Великолепный мастер языка, Сорокин вот еще какое блюдо приготовил своим русским читателям (увы, это уж никак не переводимо для англоязычного): он дал синтез русских исторических времен не только по критериям политических институтов или нравов правителей, но наделил своих опричников именами, которые сохраняют как исконное русское звучание, так и все признаки воровских лагерных кликух. Вот как это звучит у Сорокина: ''У ворот восемь наших машин. Потроха здесь, Хруль, Сиволай, Охлоп, Зябель, Нагул и Крепло''.
Главного героя, как уже говорилось, зовут Комяга. Есть еще таможенник Потроха. Есть Вогул, Тягло, Ероха, Самося, Болдохай, Нечай, Мокрый, Потыка, Воск, Охлоп, Комол, Елка, Авила, Абдул, Вареный, Игла. Но главные воротилы в “Дне опричника” носят старинные боярские фамилии: Бутурлин, Урусов. В общем, ген русской истории, ее что ли ДНК сохраняется. В этом один из трюков изобретательной сорокинской повести.
Александр Генис: Я как-то спросил у Сорокина, откуда у него этот старинный язык. Он сказал, что речь эпохи Ивана Грозного у каждого русского на языке. Стоит только снять фильтры современности, как она сама польется. И ведь действительно речь Ивана, если судить по его переписке, понятна и органична, чего, например, не скажешь о Петре. Перегруженный заимствованиями язык его указов читать так же трудно, как молодежную газету.
Борис Парамонов: Помню, читая первый раз ''День опричника'', я не мог не заметить некоторого сходства этого сочинения со знаменитым солженицынским – ''Одним днем Ивана Денисовича''. (Это же отметил и рецензент английского издания.) Тот же композиционно-повествовательный прием: рабочий день с подъёма до отбоя – как бы ни разнствовали эти дни по содержательному своему наполнению. В общем все, всё российское население день и ночь на трудовой вахте.
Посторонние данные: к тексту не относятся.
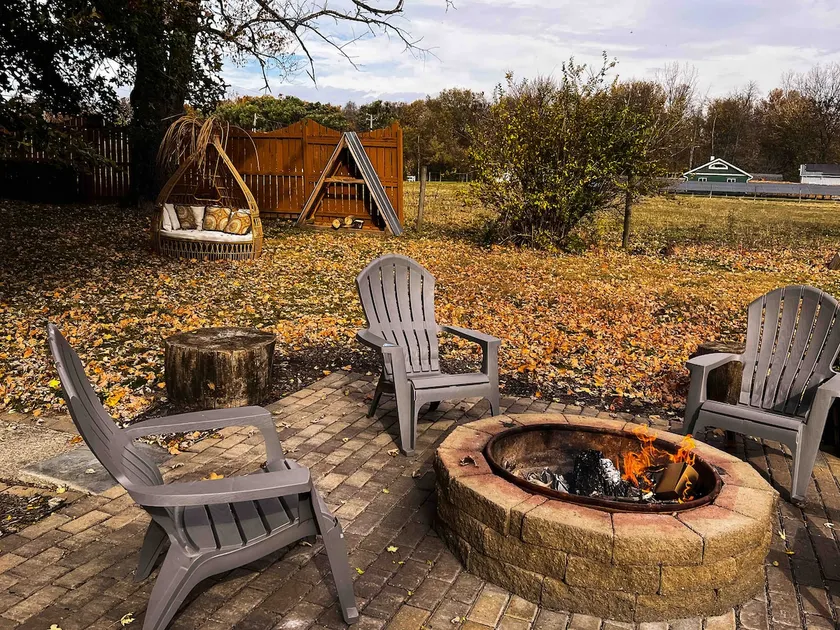 LAKEHOUSE/HOT TUB/8 MILES TO DOWNTOWN/ON 60 ACRES - Image 1
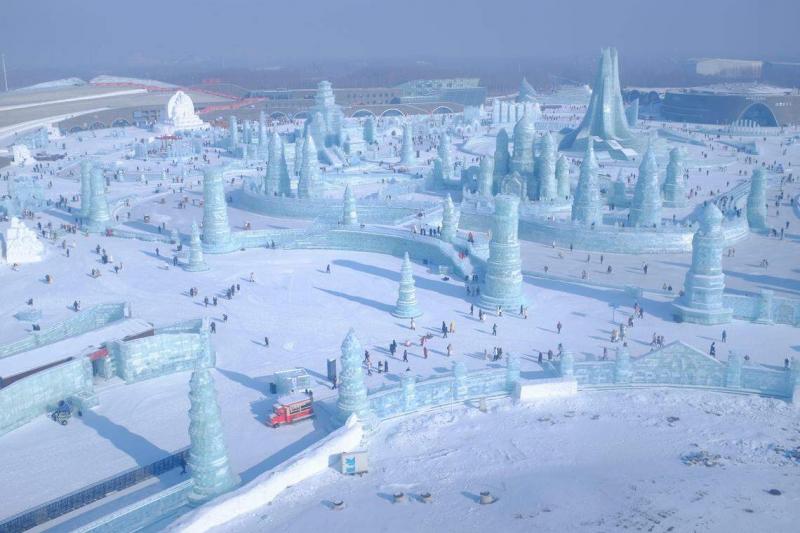 哈尔滨著名景点冰雪大世界去年12月中旬曾爆发退票风波,主办方的处理方式化危为机,在网上获得广泛赞许。(林煇智摄)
Александр Генис: Я всегда считал, что Сорокин играет в нынешнем литературном процессе ту же роль, что и Солженицын в доперестроечную эпоху. И дело не только в том, что оба – диссиденты. Есть и внутреннее сходство. Например, обоих остро интересовала наука. Солженицына – физика, Сорокина – генетика с ее клонами. Конечно, Солженицын бы в гробу перевернулся от такого сравнения.